The 2 million shares are part of the 3 million shares offered as part of a shelf registration the Rockville Md. company filed Jan. 14. "The two million are off the shelf," said Mary Sundeen, senior director of corporate communications for EntreMed. "We haven't priced the stock yet. The market's been so crazy that it's hard to project."
The offering will be jointly lead-managed by Banc of America Securities LLC, of San Francisco, and Warburg Dillon Read LLC, of New York, with Gerard Klauer Mattison & Co., of New York, acting as co-manager.
EntreMed has 14.4 million shares outstanding.
The company has very specific plans for the money. "We will have three drugs in clinical trials by mid-April," Sundeen said. "Usually companies try to space out their clinical trials, but we've been very aggressive. We had been spending our money on preclinical research and manufacturing, but now our money is going for these trials."
The farthest along in clinical trials is an endostatin protein, which entered Phase I trials in September for solid tumors and lymphomas. The endostatin protein is a naturally occurring fragment of collagen 18a.

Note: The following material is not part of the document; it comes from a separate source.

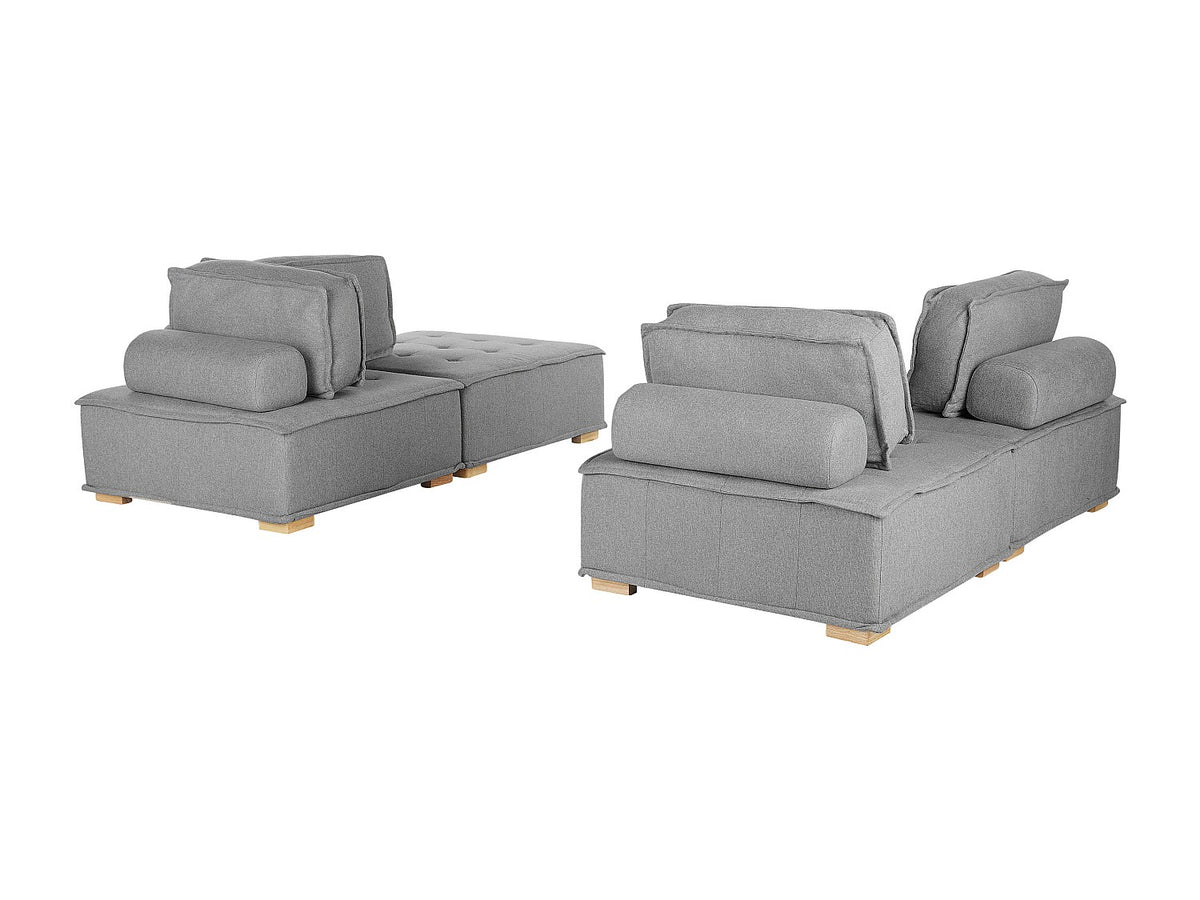 Canapé modulable 4 places gris tissu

Due to start Phase I trials any day now is 2-methoxyestradiol (2ME2) in patients with advanced breast cancer. 2ME2 is an orally active, small molecule inhibitor of angiogenesis. It is also an antiproliferative agent. 2ME2 obstructs the formation of new blood vessels required by tumors while also directly inhibiting the growth of tumor cells. This is EntreMed's first product candidate to attack both aspects of cancer: the tumor cells and their blood supply.
Angiostatin is the company's third compound, and it is slated to begin Phase I trials within a fortnight for cancer, including solid tumors. Angiostatin is a naturally derived antiangiogenic protein.
With three candidates in trials, EntreMed's burn rate will go down, Sundeen said. "Now we're just supporting the trials rather than doing the manufacturing and preclinical development. This funding should last us a couple of years, if not more."
EntreMed reported 1999 revenues of $5.2 million and a net loss of $13.5 million, or $1.07 per share. As of Dec. 31, the company had $15 million in cash. However, last summer the company raised more than $25 million in a private placement of equity securities. The shares were sold at just under $21 apiece, which was a 7.5 percent discount to a five-day average market price. In addition, investors received two series of warrants that included an exercise price at a significant premium and company call options. (See BioWorld Today, July 29, 1999, p. 1.)
"A lot of those warrants were called since Dec. 31," Sundeen said. "So really, you have to add about $26 million to the $15 million we had on Dec. 31. Actually, we now have a little more than $40 million cash on hand - and that's before this offering."